The evidence is poor for most non-drug options, but such treatments are needed

Patients describe the sudden and severe pain of trigeminal neuralgia as a "red hot needle" or "forked lightning" pain in the face. The French term "tic doloreux" emphasises the suddenness of the pain that may be triggered by touch or cold. This characteristic pain affects four to five people in 100 000. It occurs in bouts lasting weeks or months, with periods of remission of months or years. Evidence is increasing that in most patients trigeminal neuralgia is caused by compression of the trigeminal nerve root, close to its entry into the pons, by an aberrant arterial or venous loop.1 Other compressive lesions are responsible in a few patients. About 2% of patients with trigeminal neuralgia have multiple sclerosis. Standard first line treatment is carbamazepine.2 3 Other drugs including lamotrigine, phenytoin, gabapentin, oxcarbazepine, topiramate, baclofen, and clonazepam have some effect, although studies are more limited.3 Many patients fail to have a sustained response to drugs, so what are the possible "non-drug" options for such patients?
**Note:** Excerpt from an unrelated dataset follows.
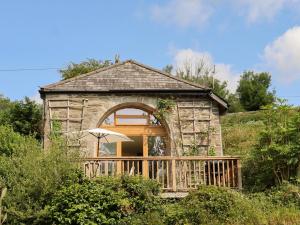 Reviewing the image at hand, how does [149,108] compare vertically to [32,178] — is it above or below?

Interventions include microvascular decompression, which treats the putative cause surgically by separating the trigeminal nerve from adjacent blood vessels, and a variety of methods of producing a partial trigeminal nerve lesion including neurectomy, radiofrequency thermal ablation, balloon compression, glycerol injections, and radiosurgery. The evidence for these treatments for trigeminal neuralgia does not come from randomised trials.2 People involved in treating patients with the severe pain of trigeminal neuralgia are often readily convinced of the efficacy of an intervention by the timing of pain relief. This influences the clinical uncertainty that might otherwise lead to performing trials and particularly to using placebo controls. Given the severity of the pain it is unsurprising that no studies have been conducted of the natural history of untreated patients with trigeminal neuralgia, so the rate of spontaneous remission is not known.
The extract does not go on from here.